In the records below, find the line holding "Classic Suite, 1 Bedroom | In-room dining" and the line holding "Rubber mats suitable". Set down both, with every line between them, exactly.

> _DATA FOR PROCESSING_:
━━━━━━━━━━━━━━━━━━━━━━━━━━━━━━

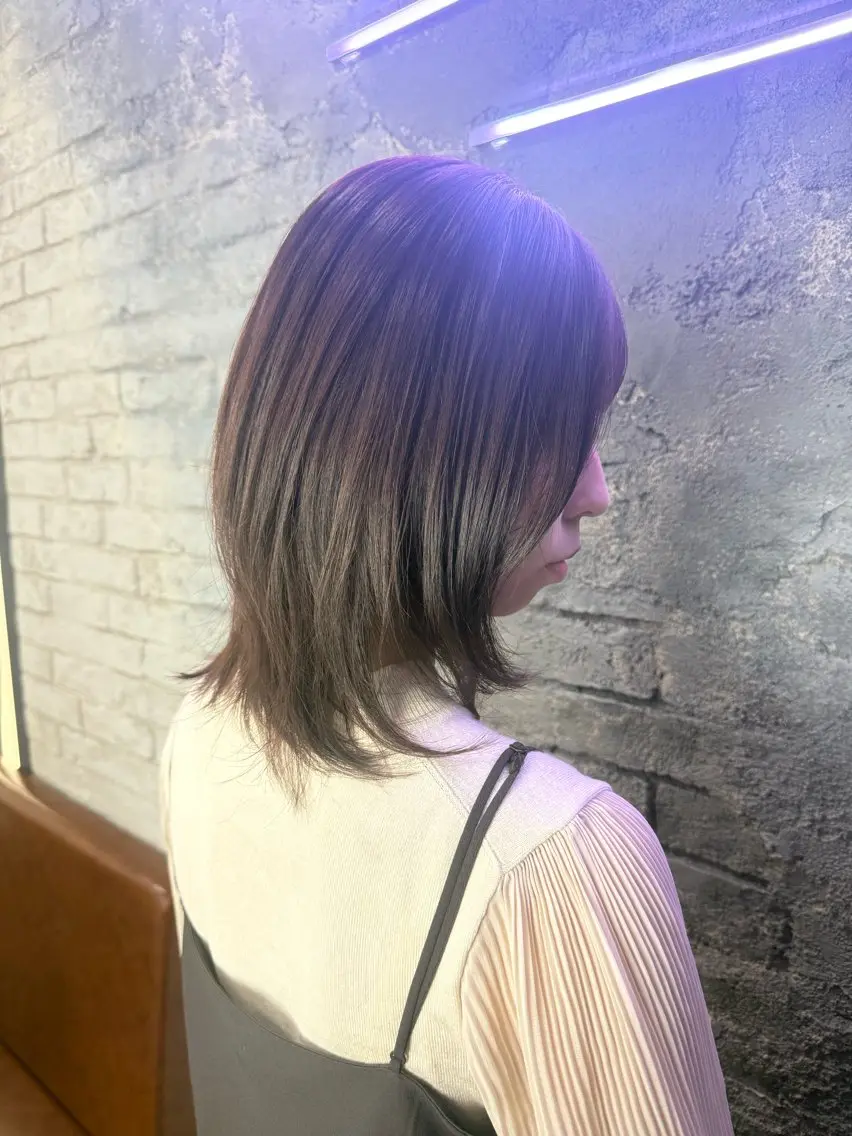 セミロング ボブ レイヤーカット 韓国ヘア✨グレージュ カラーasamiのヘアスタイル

━━━━━━━━━━━━━━━━━━━━━━━━━━━━━━

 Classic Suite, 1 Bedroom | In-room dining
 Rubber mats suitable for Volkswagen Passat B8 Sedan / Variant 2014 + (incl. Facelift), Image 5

━━━━━━━━━━━━━━━━━━━━━━━━━━━━━━

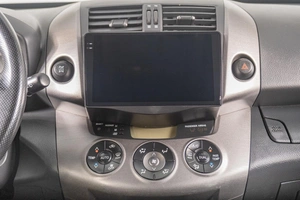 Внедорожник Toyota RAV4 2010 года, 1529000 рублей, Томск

━━━━━━━━━━━━━━━━━━━━━━━━━━━━━━

> _RESPONSE TO THIS EXERCISE_:
 Classic Suite, 1 Bedroom | In-room dining
 Rubber mats suitable for Volkswagen Passat B8 Sedan / Variant 2014 + (incl. Facelift), Image 5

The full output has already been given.